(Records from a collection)
<<<<

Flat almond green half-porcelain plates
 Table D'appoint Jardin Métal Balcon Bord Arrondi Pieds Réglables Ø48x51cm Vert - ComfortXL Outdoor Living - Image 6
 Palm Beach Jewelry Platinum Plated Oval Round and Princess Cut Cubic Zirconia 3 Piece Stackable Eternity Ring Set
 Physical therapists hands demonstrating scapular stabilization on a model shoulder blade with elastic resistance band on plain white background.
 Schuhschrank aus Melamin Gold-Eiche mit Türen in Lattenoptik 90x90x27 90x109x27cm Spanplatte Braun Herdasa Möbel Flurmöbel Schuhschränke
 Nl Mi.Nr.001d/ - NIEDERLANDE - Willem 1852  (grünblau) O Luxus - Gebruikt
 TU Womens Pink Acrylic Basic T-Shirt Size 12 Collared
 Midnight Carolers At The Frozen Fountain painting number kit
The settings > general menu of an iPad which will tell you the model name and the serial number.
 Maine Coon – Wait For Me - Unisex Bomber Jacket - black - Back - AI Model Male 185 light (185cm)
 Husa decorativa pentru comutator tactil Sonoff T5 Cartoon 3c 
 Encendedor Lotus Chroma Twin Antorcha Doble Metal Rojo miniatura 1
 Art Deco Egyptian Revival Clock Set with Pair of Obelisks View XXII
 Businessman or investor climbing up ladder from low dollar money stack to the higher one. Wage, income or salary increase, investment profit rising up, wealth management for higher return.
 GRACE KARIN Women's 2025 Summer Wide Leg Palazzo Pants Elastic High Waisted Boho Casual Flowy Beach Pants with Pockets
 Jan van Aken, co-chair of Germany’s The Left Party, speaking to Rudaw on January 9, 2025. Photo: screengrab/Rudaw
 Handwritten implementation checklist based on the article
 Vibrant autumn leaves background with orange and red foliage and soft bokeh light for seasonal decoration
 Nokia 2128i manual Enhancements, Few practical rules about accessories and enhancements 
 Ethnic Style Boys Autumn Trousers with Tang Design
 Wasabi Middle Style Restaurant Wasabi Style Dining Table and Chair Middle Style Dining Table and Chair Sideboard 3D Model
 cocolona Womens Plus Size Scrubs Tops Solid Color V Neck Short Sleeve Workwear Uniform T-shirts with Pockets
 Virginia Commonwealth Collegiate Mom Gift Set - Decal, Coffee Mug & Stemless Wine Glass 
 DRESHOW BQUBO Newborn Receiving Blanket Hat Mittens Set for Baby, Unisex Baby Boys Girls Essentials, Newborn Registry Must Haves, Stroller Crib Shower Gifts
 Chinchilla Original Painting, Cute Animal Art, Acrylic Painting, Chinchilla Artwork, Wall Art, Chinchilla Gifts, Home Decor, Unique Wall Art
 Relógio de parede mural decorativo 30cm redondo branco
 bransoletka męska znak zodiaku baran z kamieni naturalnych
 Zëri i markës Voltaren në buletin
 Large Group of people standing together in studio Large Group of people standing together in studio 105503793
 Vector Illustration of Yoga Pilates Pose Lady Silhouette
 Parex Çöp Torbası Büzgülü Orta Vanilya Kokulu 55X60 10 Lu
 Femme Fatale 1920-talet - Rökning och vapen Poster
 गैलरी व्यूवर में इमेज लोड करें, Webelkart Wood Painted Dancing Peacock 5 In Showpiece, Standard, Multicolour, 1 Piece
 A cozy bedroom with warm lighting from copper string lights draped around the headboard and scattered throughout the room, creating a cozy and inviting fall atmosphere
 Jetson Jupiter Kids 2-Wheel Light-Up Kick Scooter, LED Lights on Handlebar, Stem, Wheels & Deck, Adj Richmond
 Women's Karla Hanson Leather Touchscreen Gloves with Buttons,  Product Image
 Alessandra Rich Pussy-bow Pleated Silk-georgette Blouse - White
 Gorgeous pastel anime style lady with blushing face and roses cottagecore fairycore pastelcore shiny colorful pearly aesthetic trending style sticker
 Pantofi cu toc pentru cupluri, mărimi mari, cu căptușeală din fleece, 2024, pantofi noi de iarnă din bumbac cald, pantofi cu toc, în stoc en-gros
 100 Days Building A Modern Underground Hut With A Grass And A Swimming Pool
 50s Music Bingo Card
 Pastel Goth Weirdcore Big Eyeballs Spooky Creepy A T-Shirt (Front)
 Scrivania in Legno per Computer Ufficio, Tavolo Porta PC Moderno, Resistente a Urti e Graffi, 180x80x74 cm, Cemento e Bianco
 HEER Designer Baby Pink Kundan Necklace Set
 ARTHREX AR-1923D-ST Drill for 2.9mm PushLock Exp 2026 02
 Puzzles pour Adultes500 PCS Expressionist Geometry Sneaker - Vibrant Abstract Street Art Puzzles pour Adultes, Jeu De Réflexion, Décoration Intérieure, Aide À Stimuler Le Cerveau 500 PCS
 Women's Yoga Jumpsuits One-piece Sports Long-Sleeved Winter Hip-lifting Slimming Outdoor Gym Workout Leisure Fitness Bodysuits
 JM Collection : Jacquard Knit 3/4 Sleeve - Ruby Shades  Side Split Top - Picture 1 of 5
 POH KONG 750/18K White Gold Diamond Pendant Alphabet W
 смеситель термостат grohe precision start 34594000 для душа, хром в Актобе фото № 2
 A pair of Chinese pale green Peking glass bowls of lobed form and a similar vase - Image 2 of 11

>>>>

Assignment — The answer must consist solely of the lines from the first line of the data to the line holding "Palm Beach Jewelry", each given again exactly.

Solution for this problem —
Flat almond green half-porcelain plates
 Table D'appoint Jardin Métal Balcon Bord Arrondi Pieds Réglables Ø48x51cm Vert - ComfortXL Outdoor Living - Image 6
 Palm Beach Jewelry Platinum Plated Oval Round and Princess Cut Cubic Zirconia 3 Piece Stackable Eternity Ring Set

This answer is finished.